* [Dataset records]

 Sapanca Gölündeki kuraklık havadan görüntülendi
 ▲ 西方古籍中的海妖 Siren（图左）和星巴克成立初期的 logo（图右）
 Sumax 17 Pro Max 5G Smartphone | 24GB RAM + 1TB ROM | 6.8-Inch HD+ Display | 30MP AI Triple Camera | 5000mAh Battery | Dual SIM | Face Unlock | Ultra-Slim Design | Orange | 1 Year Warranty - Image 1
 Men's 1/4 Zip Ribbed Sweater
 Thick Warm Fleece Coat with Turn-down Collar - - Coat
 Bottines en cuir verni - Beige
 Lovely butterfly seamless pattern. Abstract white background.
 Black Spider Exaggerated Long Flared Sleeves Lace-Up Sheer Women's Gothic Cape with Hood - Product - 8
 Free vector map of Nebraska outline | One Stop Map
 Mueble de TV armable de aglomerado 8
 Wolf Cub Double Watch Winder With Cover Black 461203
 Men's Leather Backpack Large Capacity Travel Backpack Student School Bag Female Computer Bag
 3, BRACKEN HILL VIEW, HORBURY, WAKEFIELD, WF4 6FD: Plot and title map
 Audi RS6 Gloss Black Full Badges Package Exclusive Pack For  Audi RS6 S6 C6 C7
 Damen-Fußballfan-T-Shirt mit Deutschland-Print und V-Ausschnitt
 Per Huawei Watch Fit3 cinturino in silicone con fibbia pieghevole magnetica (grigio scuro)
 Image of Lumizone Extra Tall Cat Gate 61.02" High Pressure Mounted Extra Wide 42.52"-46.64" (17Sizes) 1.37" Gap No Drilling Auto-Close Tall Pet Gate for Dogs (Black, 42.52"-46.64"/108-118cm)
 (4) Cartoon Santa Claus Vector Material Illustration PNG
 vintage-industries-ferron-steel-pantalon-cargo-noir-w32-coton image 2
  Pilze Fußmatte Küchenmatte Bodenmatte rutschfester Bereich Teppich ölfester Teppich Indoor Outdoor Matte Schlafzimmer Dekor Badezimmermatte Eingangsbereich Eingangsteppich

* [Aim of the task]
Search the listing for "Watch" and show every line where it occurs.

* [Solution for this task]
 Wolf Cub Double Watch Winder With Cover Black 461203
 Per Huawei Watch Fit3 cinturino in silicone con fibbia pieghevole magnetica (grigio scuro)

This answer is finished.